> [WHAT IS BEING ASKED]: Across the whole listing, return each line exactly, with no images included.

Segment Start: EXTRACTED ENTRIES

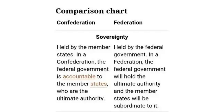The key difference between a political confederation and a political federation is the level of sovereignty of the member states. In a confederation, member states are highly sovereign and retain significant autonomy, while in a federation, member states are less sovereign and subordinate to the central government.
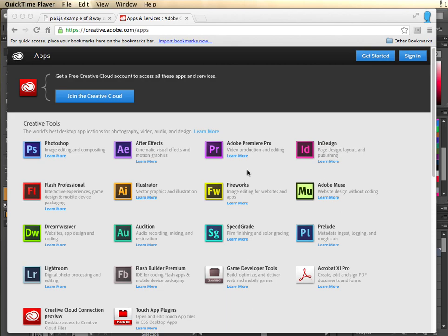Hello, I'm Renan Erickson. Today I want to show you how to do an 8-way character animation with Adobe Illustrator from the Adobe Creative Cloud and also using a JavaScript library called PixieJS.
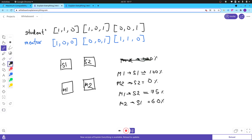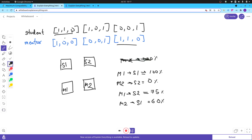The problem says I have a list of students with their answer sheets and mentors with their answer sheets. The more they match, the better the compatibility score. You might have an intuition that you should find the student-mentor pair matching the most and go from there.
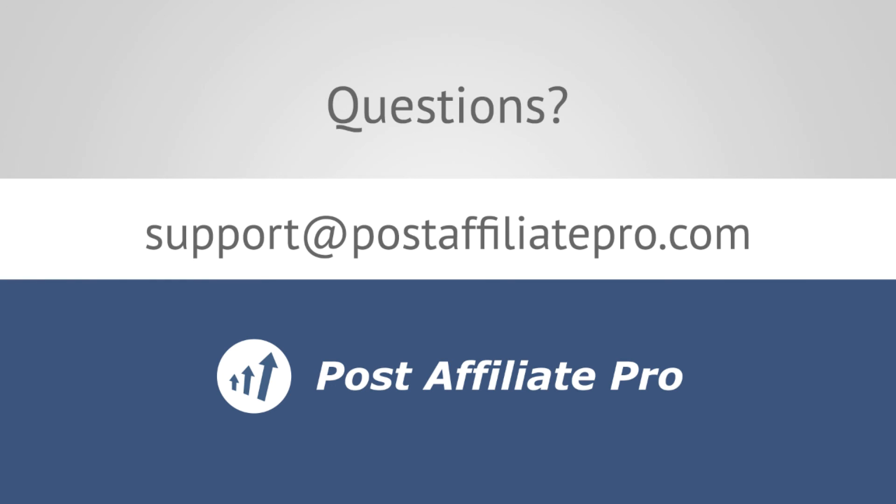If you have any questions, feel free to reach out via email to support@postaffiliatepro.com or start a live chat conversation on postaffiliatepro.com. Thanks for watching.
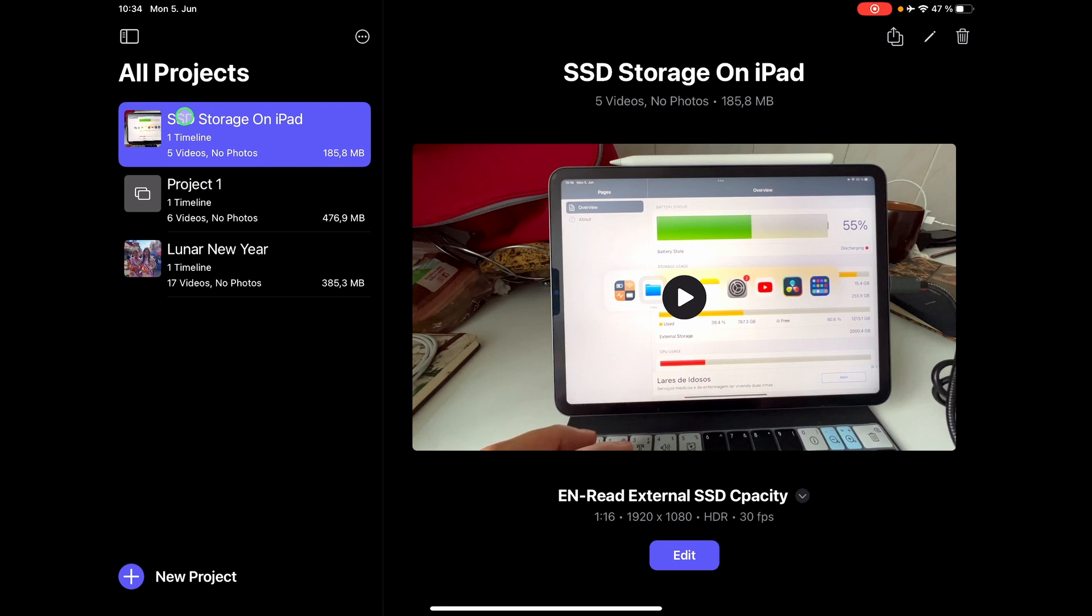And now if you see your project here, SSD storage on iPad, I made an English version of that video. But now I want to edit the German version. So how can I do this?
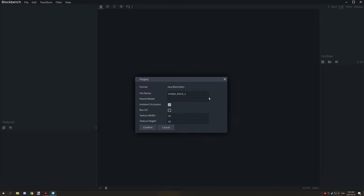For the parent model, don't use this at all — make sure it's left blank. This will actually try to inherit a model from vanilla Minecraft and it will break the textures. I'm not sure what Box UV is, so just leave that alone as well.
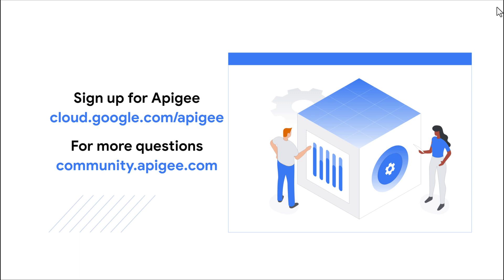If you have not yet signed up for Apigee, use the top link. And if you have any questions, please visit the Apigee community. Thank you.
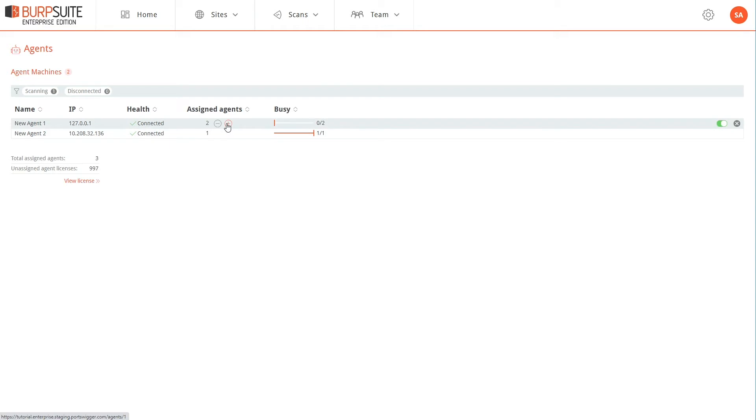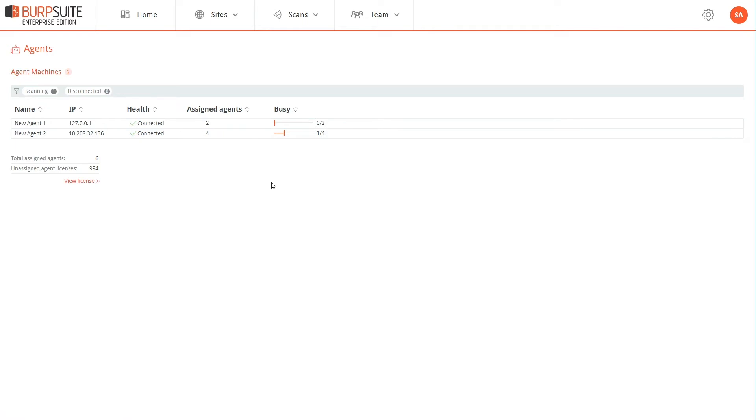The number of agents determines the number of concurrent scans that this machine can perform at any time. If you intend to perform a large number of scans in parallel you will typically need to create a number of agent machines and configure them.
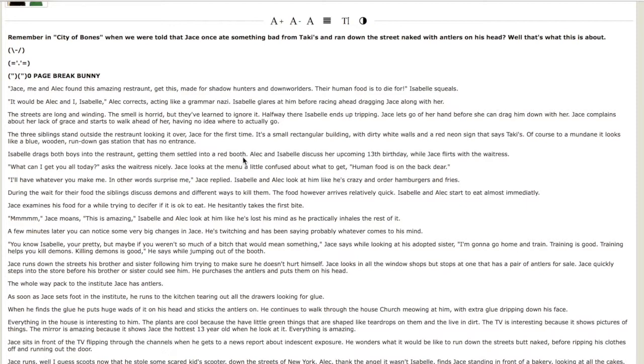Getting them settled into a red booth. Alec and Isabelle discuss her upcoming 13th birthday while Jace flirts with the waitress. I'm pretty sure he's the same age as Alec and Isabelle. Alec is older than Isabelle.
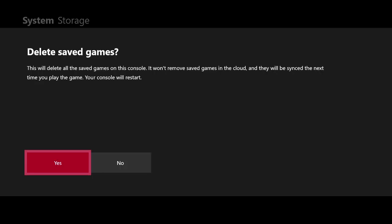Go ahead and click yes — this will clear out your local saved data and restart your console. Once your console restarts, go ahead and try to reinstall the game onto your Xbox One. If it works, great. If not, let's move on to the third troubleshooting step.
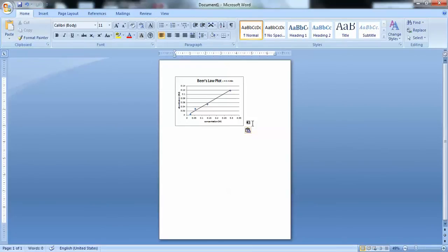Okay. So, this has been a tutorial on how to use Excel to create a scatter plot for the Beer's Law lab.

Segment End: EXTRACTED ENTRIES

> [RESULT OF THE EXERCISE]:
The key difference between a political confederation and a political federation is the level of sovereignty of the member states. In a confederation, member states are highly sovereign and retain significant autonomy, while in a federation, member states are less sovereign and subordinate to the central government.
Hello, I'm Renan Erickson. Today I want to show you how to do an 8-way character animation with Adobe Illustrator from the Adobe Creative Cloud and also using a JavaScript library called PixieJS.
The problem says I have a list of students with their answer sheets and mentors with their answer sheets. The more they match, the better the compatibility score. You might have an intuition that you should find the student-mentor pair matching the most and go from there.
If you have any questions, feel free to reach out via email to support@postaffiliatepro.com or start a live chat conversation on postaffiliatepro.com. Thanks for watching.
And now if you see your project here, SSD storage on iPad, I made an English version of that video. But now I want to edit the German version. So how can I do this?
For the parent model, don't use this at all — make sure it's left blank. This will actually try to inherit a model from vanilla Minecraft and it will break the textures. I'm not sure what Box UV is, so just leave that alone as well.
If you have not yet signed up for Apigee, use the top link. And if you have any questions, please visit the Apigee community. Thank you.
The number of agents determines the number of concurrent scans that this machine can perform at any time. If you intend to perform a large number of scans in parallel you will typically need to create a number of agent machines and configure them.
Getting them settled into a red booth. Alec and Isabelle discuss her upcoming 13th birthday while Jace flirts with the waitress. I'm pretty sure he's the same age as Alec and Isabelle. Alec is older than Isabelle.
Go ahead and click yes — this will clear out your local saved data and restart your console. Once your console restarts, go ahead and try to reinstall the game onto your Xbox One. If it works, great. If not, let's move on to the third troubleshooting step.
Okay. So, this has been a tutorial on how to use Excel to create a scatter plot for the Beer's Law lab.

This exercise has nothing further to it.